EXPOSE DES PRÉTENTIONS ET MOYENS
Dans son exploit introductif d'instance, la LCL demande à la juridiction, au visa des articles 1101 et suivants du Code civil, de :
« CONDAMNER Monsieur [O] [G] à payer au CREDIT LYONNAIS la somme de 359.641,19 € augmentée des intérêts au taux conventionnel de 1.45 % sur la somme de 334.466,82 € à compter du 14 juin 2024 jusqu’à parfait paiement, et des intérêts au taux légal sur la somme de 23.152,29 € à compter de la même date jusqu’à parfait paiement,
CONDAMNER Monsieur [O] [G] à payer au CREDIT LYONNAIS la somme de 3.000 € au titre de l’article 700 du Code de procédure civile ainsi qu’aux entiers dépens
RAPPELER que l’exécution provisoire de la décision est de droit conformément à l’article 514 du Code de procédure civile, nonobstant toutes voies de recours et sans constitution de garantie. »
La LCL soutient que :
- les relevés bancaires fournis par M. [O] [G] pour justifier de ses ressources ont été déclarés non-conformes par la Banque postale, dans les livres de laquelle M. [O] [G] a ouvert son compte bancaire ;
- M. [O] [G] n’a apporté aucune explication alors que LCL lui en avait donné l’occasion ;
- elle est donc fondée à prononcer la déchéance du terme et demander le paiement du principal, des intérêts et de l’indemnité forfaitaire.
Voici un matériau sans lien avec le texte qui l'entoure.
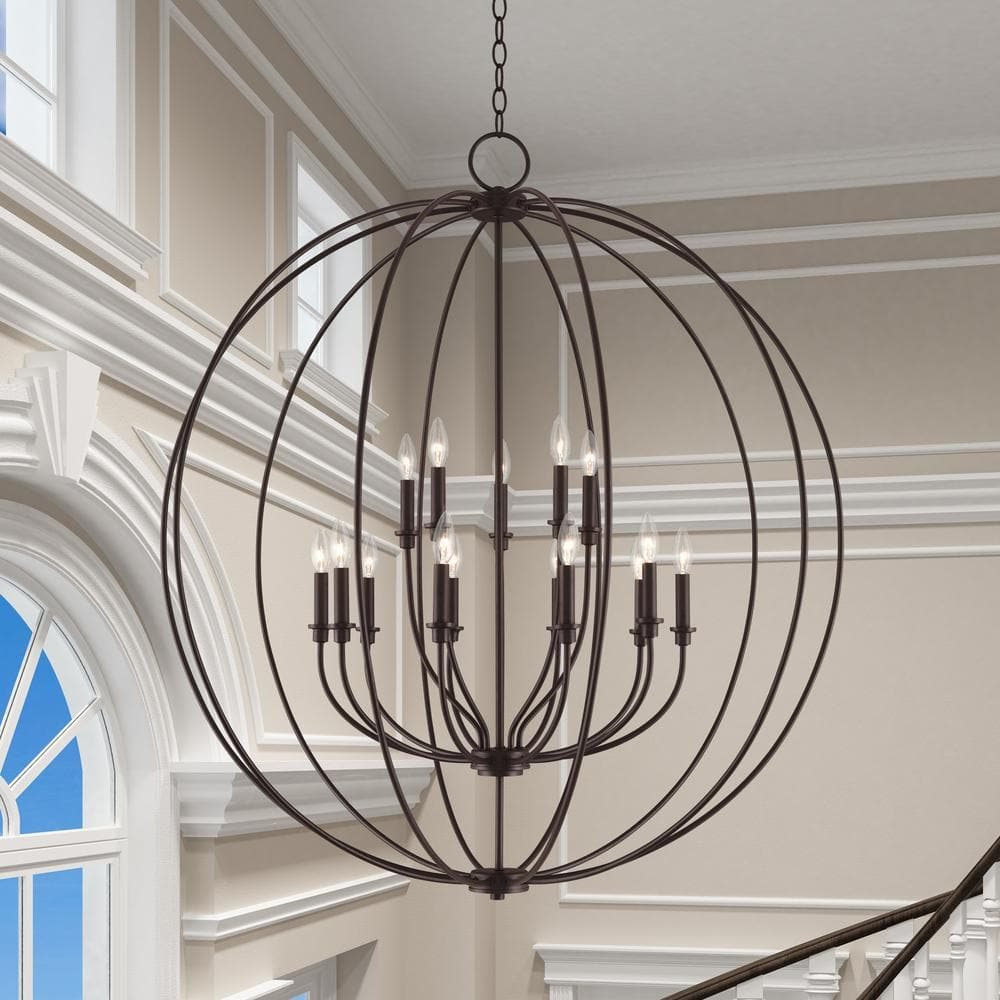 Livex Lighting - Milania - 15 Light Foyer Chandelier in Farmhouse Style - 42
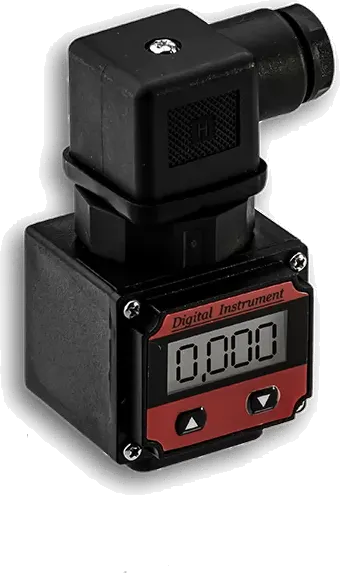 Indicador local MGG-IND-L acoplado a transmissor de pressão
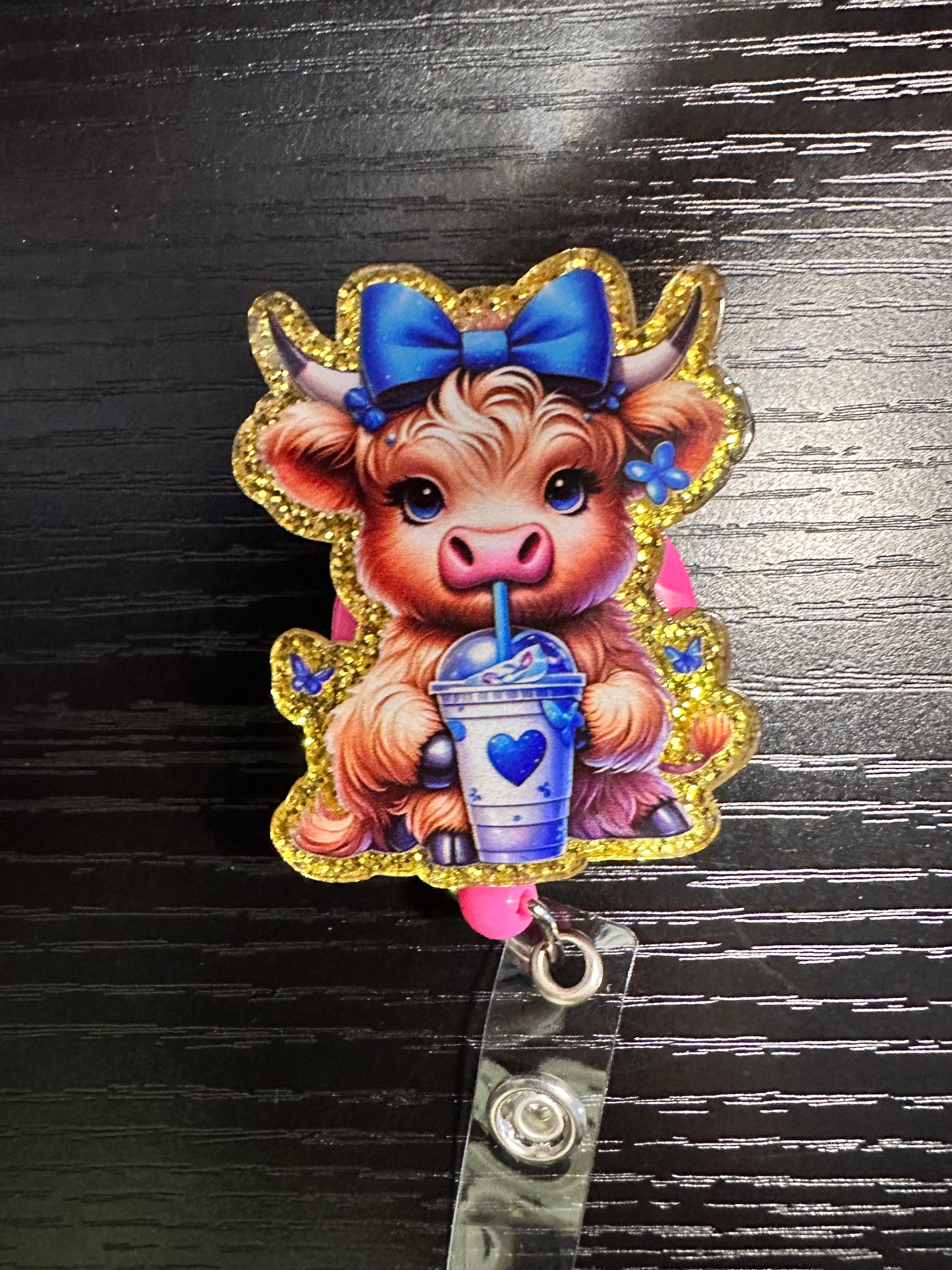 Cow Badge Reel/Pop Socket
L’acte introductif d’instance a été signifié au défendeur suivant les modalités de l’article 656 du code de procédure civile. M. [O] [G] n’a pas constitué avocat à la date du premier appel de l’affaire devant le juge de la mise en état. La représentation par avocat étant obligatoire devant le tribunal judiciaire, il sera ainsi statué par jugement réputé contradictoire en application de l’article 472 du code de procédure civile.
Pour un plus ample exposé des moyens et prétentions des parties, il est renvoyé aux écritures déposées, en application de l’article 455 du Code de procédure civile.
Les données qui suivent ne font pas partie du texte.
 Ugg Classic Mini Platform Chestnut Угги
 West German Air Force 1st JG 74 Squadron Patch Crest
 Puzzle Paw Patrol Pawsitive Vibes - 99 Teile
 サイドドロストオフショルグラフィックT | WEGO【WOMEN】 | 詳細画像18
L’ordonnance de clôture a été rendue le 21 novembre 2024, l’affaire a été immédiatement mise en délibéré au 7 février 2025.
MOTIFS DE LA DÉCISION
Sur l’absence du défendeur
Il convient de faire application de l’article 472 du Code de procédure civile, en vertu duquel « Si le défendeur ne comparaît pas, il est néanmoins statué sur le fond. Le juge ne fait droit à la demande que dans la mesure où il l’estime régulière, recevable et bien fondée ».
Sur les demandes principales
- Sur la déchéance du terme,
Selon les articles 1103 et 1104 du Code civil, les contrats légalement formés tiennent lieu de loi à ceux qui les ont faits et ils doivent être négociés, formés et exécutés de bonne foi.
Les conditions générales du contrat de prêt (pièce n° 1) stipulent en leur article 5 que le prêteur peut « rendre exigibles par anticipation, toutes les sommes dues au titre du prêt, tant en principal qu’en intérêts et accessoires, dans l’un quelconque des cas suivants : (...) - inexactitude des renseignements et/ou des justificatifs fournis lors de la demande de prêt, résultant de manœuvres frauduleuses imputables à l’un et/ou l’autre des Emprunteurs, portant sur la situation personnelle, professionnelle, patrimoniale ayant servi de base à l’octroi du prêt ».